Business names and other disclosures: A reminder
A recent complaint assessed by the ICAS Investigation Committee has highlighted the requirement for members and affiliates to be mindful of their statutory requirements concerning trading disclosures.
The complaint concerned a member who had issued correspondence which failed to fulfil statutory requirements regarding business letters. The letter, which was generated via an outsourced third-party mailing fulfilment firm, did not include the company’s registered office or registered number.
Regulations made under the Companies Act 2006 require a company or Limited Liability Partnership (LLP) to display its name at its registered office and other places of business, on business documents and on websites. The purpose of the regulations is to ensure that the legal identity of every company and LLP is revealed to anyone who has, or may wish to have, dealings with it.
The requirements are set out in Part 6 of the Company, Limited Liability Partnership and Business (Names and Trading Disclosures) Regulations 2015.
Company/LLP name in communications and websites
You must include your company or LLP’s registered name in all forms of business correspondence and documentation, whether in hard copy or electronic. This includes:
- Business letters, notices and other official publications
- Business emails
- Bills of exchange, promissory notes, endorsements and order forms
- Cheques purporting to be signed by or on behalf of the company or LLP
- Orders for money, goods or services purporting to be signed by or on behalf of the company or LLP, bills of parcels, invoices and other demands for payment, receipts and letters of credit
Every company or LLP must also disclose its registered name on its websites. You don’t need to include the company or LLP name on every page but it must be visible and easily read.
Additional information to be disclosed
The company or LLP must display certain information on all its business letters, business emails, order forms and websites, including:
- The part of the United Kingdom in which the company or LLP is registered (ie England and Wales, or Wales, or Scotland, or Northern Ireland).
- The company or LLP’s registered number.
- The address of the company or LLP’s registered office.
- If a company is exempt from the requirement to use ‘limited’ in its name, the fact that it is a limited company.
- In the case of an LLP whose name ends with the abbreviation “llp”, “LLP”, “pac” or “PAC”, the fact that it is an LLP or a partneriaeth atebolrwydd cyfyngedig.
- If it is a company which has chosen to display its share capital, it must display the amount of paid up share capital.
- If the name of a company director or an LLP member is included other than in the text or as a signatory, then the names of every director or LLP member must be disclosed (although a limited exception applies in certain circumstances for LLPs with more than 20 members).
Sole traders and partnerships
Where a sole trader or partnership carries on business under a name that is not their surname or does not use the names of all the partners, their details must be disclosed. This includes the full name of the proprietor, or all the partners for a partnership, and an address at which the business can be contacted and have legal documents formally served on it.

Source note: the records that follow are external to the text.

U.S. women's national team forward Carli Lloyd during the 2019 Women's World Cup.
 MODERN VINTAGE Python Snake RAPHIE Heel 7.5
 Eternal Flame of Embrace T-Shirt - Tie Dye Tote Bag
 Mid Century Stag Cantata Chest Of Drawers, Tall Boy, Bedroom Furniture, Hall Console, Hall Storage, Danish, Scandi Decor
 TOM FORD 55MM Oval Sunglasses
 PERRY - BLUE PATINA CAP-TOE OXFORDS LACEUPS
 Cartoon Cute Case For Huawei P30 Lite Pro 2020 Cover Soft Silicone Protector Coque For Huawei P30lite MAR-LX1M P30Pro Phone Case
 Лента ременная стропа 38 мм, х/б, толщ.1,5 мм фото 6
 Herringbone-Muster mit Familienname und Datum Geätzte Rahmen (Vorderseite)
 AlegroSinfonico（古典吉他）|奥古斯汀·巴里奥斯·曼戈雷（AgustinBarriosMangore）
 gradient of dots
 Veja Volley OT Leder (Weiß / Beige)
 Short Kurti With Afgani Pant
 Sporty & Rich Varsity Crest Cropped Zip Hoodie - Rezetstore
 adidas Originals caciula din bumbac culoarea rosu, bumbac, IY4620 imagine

Partnerships of more than 20 partners are not required to disclose details of all the partners in business documents if certain other requirements, set out in section 1203 Companies Act 2006, are met.
The Provision of Services Regulations
Members and affiliates should be aware of their responsibilities under the Provision of Service Regulations 2009. The regulations set out information which service providers, such as accountants and insolvency practitioners, must provide to their clients.
The information to be made available includes:
- Name, legal status of the business and business address;
- Contact details for rapid and direct communication e.g.: email or telephone;
- Contact details for making complaints and information requests;
- Price of services, if pre-determined;
- Main features of service, if not apparent from the context;
- VAT number, if applicable;
- If applicable, trade registration scheme details, authorisation scheme details, and professional body details;
- General terms and conditions, if any;
- Contract terms on governing law and jurisdiction applicable to the business’s service contracts, if any;
- Any after-sales guarantee which provides greater protection than required by law;
- Details of any professional liability insurance which the business is required to have.
The information must be made available or supplied in a clear and unambiguous manner and in good time before the conclusion of the contract/the service is provided. Regulation 8(2) sets out how the information should be 'made available' but, in most cases the information is likely to be contained in the engagement letter.
We also place some restrictions and requirements on firms we regulate.
These include restrictions on firm names, the use of descriptors such as Chartered Accountants, CA and other designations, and the use of social media handles.
There are minor exceptions to some of the above requirements and the legislation should be referred to for full details. Members and affiliates should be particularly mindful when issuing correspondence via an outsourced third-party that it remains their responsibility to ensure that statutory requirements are being met.
Further information and guidance is available in the helpsheet ‘Firm names, disclosure of principals and regulatory status’ available in the General Practice Manual.